I was playing around with spec2 and noticed that it doesn't allow for using local bindings in definitions
ie. this worked in spec.alpha:
(let [max-v 10]
(s/def ::foo (s/int-in 1 (inc max-v)))
(s/valid? ::foo 20))
but not in spec2, where it would throw an error "Unable to resolve symbol max-v"
Is this a deliberate design decision or was it ever officially supported in spec.alpha in the first place?
@qythium Spec 2 draws a much sharper line between symbolic specs and spec objects. Spec 2 has new facilities for creating specs programmatically that allow you to create such a spec, but in a different way.
You can read about the design decisions here https://github.com/clojure/spec-alpha2/wiki/Differences-from-spec.alpha @qythium
hmm.. that's slowly starting to make sense
So I would do this instead?
(let [max-v 10]
(s2/register ::foo
(s2/resolve-spec `(s2/int-in 1 (inc ~max-v))))
(s2/valid? ::foo 20))
Yup, that should work.
aha, so it's roughly like (s2/def kwd expr)
is macro sugar for (s2/register kwd (s2/resolve-spec
expr))`
Yes, if you look at the source https://github.com/clojure/spec-alpha2/blob/master/src/main/clojure/clojure/alpha/spec.clj you'll see def
calls register
and several macros use resolve-spec
to produce spec objects from symbolic forms.
I don't have any code handy but defop
is also handy for building new spec predicates.
That actually makes a lot more sense than the nested macros in the original Spec 🙂
which I recall macroexpanding to trace the logic and eventually just treated as magic
thanks!
If I have written a s/fdef
for a function, is there an easy way to generate property tests for that function (as part of a test suite), without having to manually (re)write all the generators?
Thanks @cjsauer - I am aware of test.check, but as I understand it, I will have to write my own generators again, rather than using fdef’s :args to check the function
Thanks @kenny - this looks like what I was imagining.
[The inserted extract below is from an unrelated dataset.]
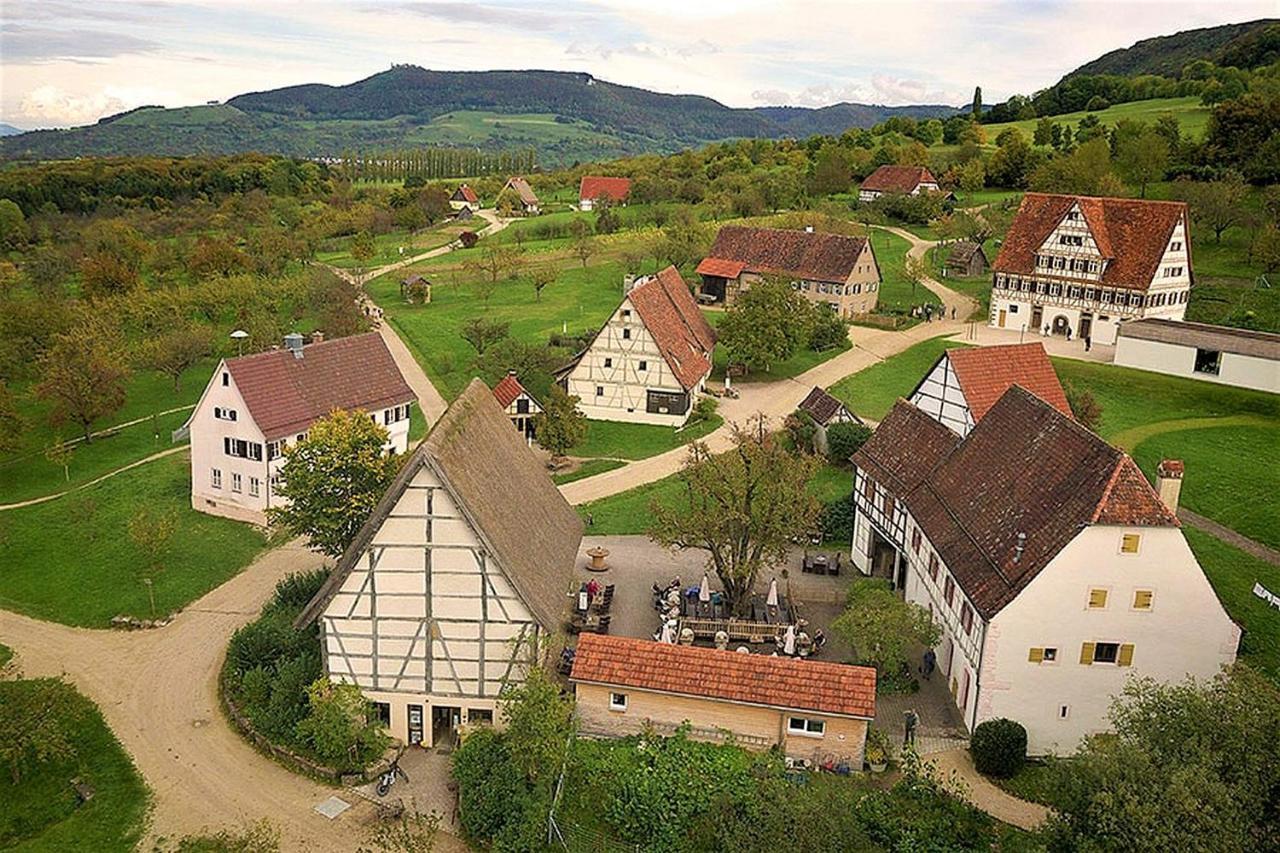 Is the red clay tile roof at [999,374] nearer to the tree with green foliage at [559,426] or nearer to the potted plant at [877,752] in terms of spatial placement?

Why do some not recommend it?
I think the argument is that they should run at a different time than regular unit tests because they are different. I don't have a problem with that -- run them in whatever way fits your company's workflow. These sort of tests are invaluable though. You should certainly run them before deployment. Having one test runner (https://github.com/lambdaisland/kaocha for us) is quite nice. We have a large codebase with thousands of tests. Running gen tests with our unit tests has not caused us any substantial pain. They typically take 1s or less to run. The more complex functions with custom gens can take longer. The results of a gen test do not fit well into the expected/actual framework clojure.test uses though. That is certainly another downside.
@ben606 re: generating args. I use the following code to generate args from an fdef:
(defn arg-gen
"Creates an argument generator for a given function symbol"
[sym]
(-> sym s/get-spec :args s/gen))
Like stest/check
but as part of my tests
Have you looked at https://clojure.github.io/spec.alpha/clojure.spec.test.alpha-api.html#clojure.spec.test.alpha/check-fn?
I saw this, but my understanding is that is runs the tests (like test.check/quick-check
) rather than creating a test (`deftest`). Have I misunderstood?
@ben606 maybe you’re looking for something like defspec
https://github.com/clojure/test.check/blob/master/doc/intro.md#clojuretest-integration
Although some don't recommend it, we do run spec's "check" in deftests using an "internal" (but public) library: https://github.com/Provisdom/test/blob/a61266ab281580af88fd394e9896cb85332cc5d7/src/provisdom/test/core.clj#L330 This will let you write something like this
(deftest my-fn-gen-test
(is (spec-check `user/my-fn)))
which will run & report st/check errors.